Okamura spent an additional three years, 1975-78, at the Menlo Park, Calif., facility of the U.S. Geological Survey, the observatory's parent agency.
Okamura, 63, has been deputy scientist-in-charge at the observatory since 1992, when he replaced his brother Reggie.
Whether retirement means he'll be leaving the facility is open to question. He was still at work after 5 p.m. on New Year's Eve.
"I'll be in next week, even though they're not paying me," he said.
Okamura didn't set out to be a geologist. He studied zoology, a first step to becoming a doctor. "I just didn't have the money," he said.
He turned down an offer of work at the state Department of Agriculture to join the observatory in 1961.
"Ag's loss was our gain," said Scientist-in-Charge Don Swanson.
Okamura was in the right place at the right time many times.
Within a month of his joining the observatory, 600-foot-high lava fountains broke out at Kilauea.
A National Guardsman, Okamura earned a Bronze Star in Vietnam in 1969. He returned to the observatory to work on seismology (earthquakes) and ground deformation (measurements).

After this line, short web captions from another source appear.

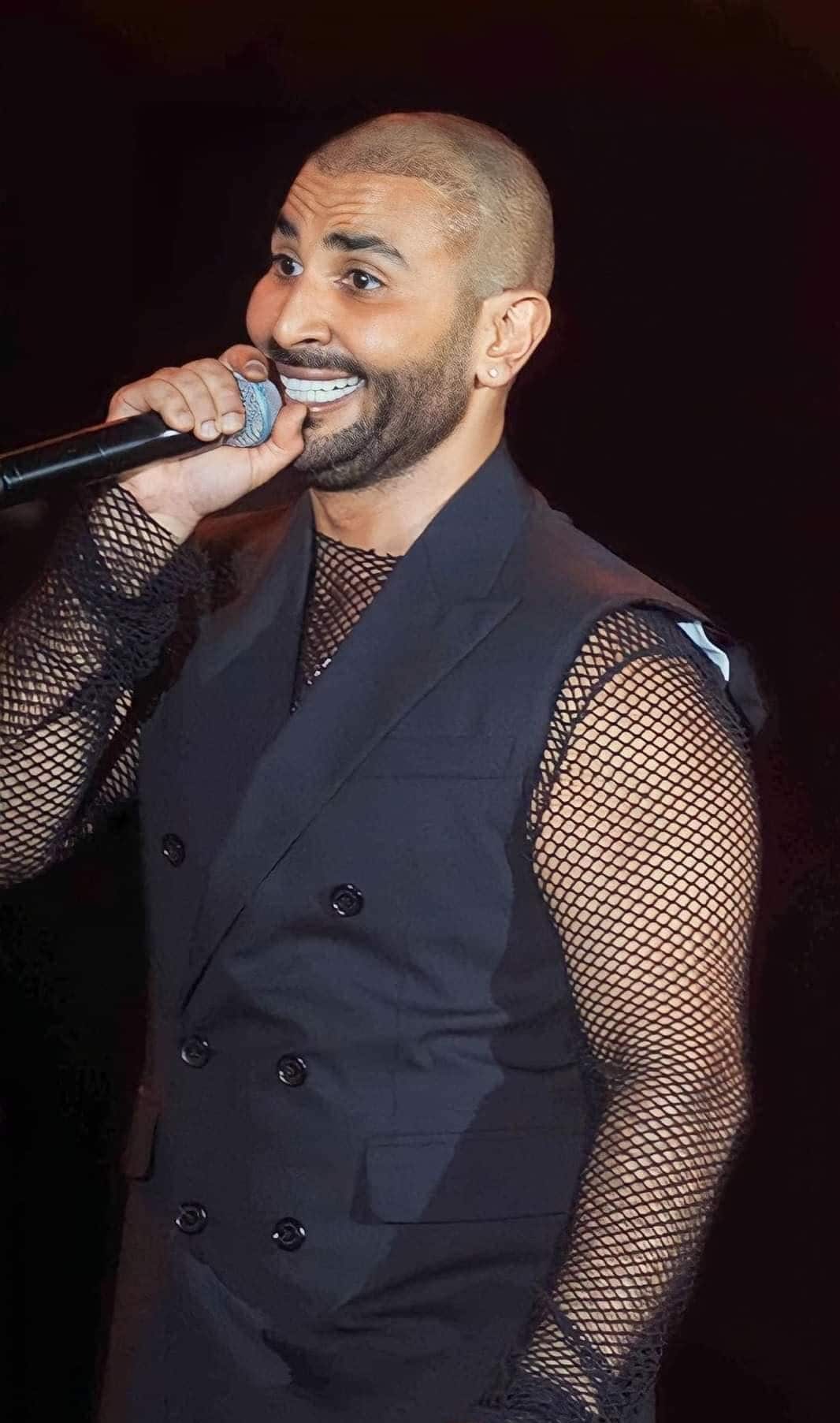 Ahmed Saad.jpg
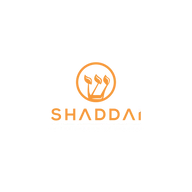 Shaddai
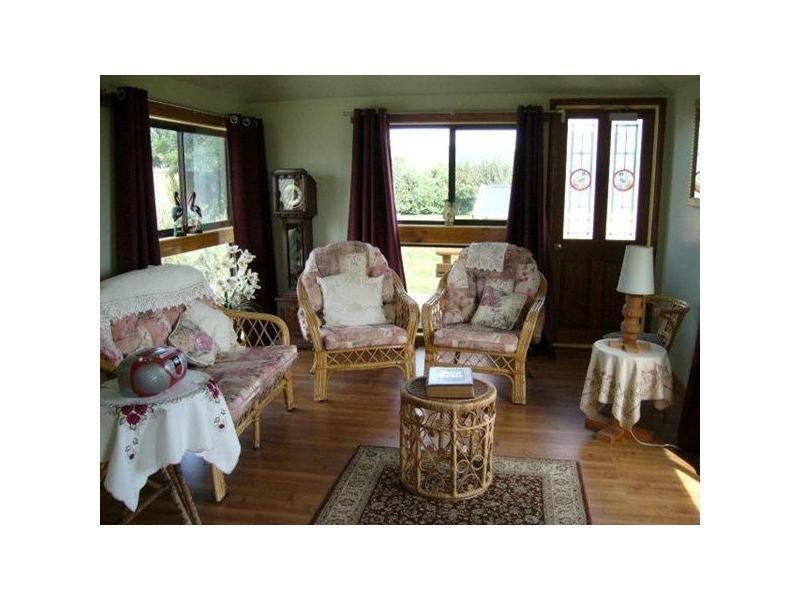 51 West Minstone Road, Scottsdale TAS 7260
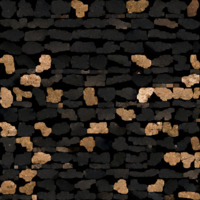 textured_material0008_map_Kd.jpg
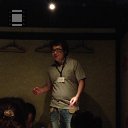 IMG_1259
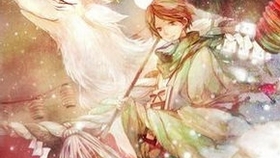 夏目友人帐ed3 君ノカケラ 你的点滴回忆 中孝介 哔哩哔哩 つロ干杯 Bilibili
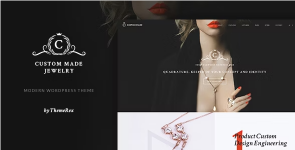 Screenshot 2024-02-05 at 12-11-20 Custom Made Jewelry Manufacturer and Store WordPress Theme.png Screenshot 2024-02-05 at 12-11-20 Custom Made Jewelry Manufacturer and Store WordPress Theme.png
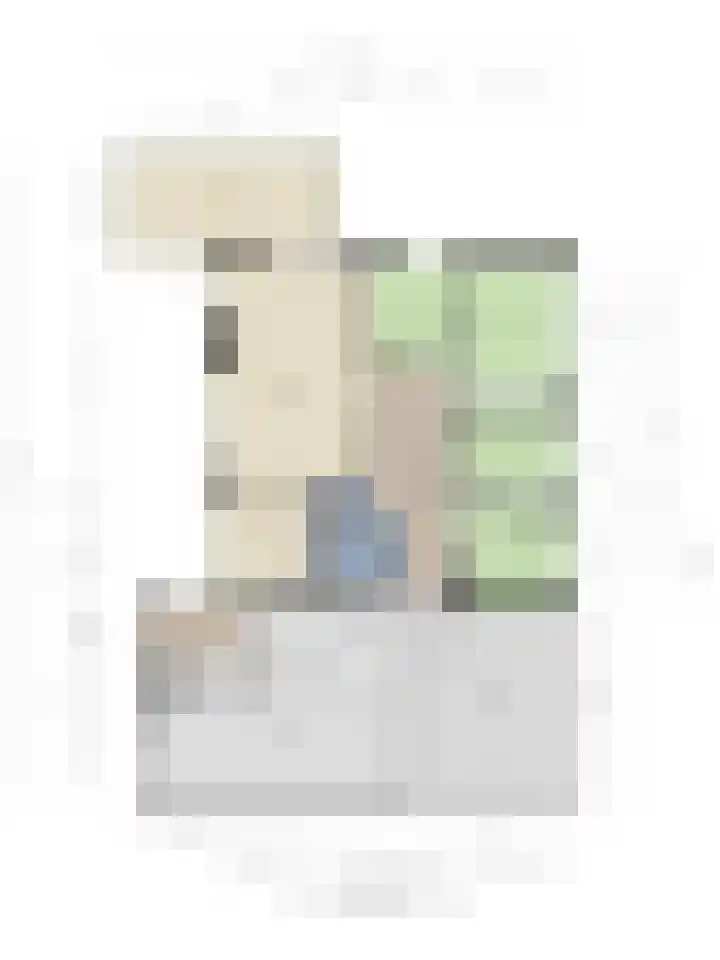 De Akkers 21 Muntendam thumbnail 44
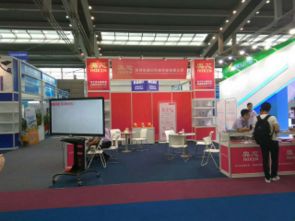 深圳市賽億科技 以創新物聯網解決方案，驅動行業智能化轉型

"I don't look at rocks. I measure the earth," he said.
Okamura was at Mount St. Helens in Washington when it blew up in 1980. He went to Colombia in 1986 in the aftermath of the eruption and mudslide at Nevado Del Ruiz that killed 23,000 people.
Colombian guerrillas were threatening to kidnap Americans then. The U.S. State Department warned Okamura and others that if they were kidnapped, they would not be rescued. But American officials did provide an armored car and armed guards.
Besides Mount St. Helens, Okamura said the most exciting event in his career was the three-week eruption of Mauna Loa in 1984. He worked every day as a geologist, then flew in a helicopter every night as a Civil Defense observer.
Okamura's wife, Pat, is a librarian at the University of Hawaii at Hilo.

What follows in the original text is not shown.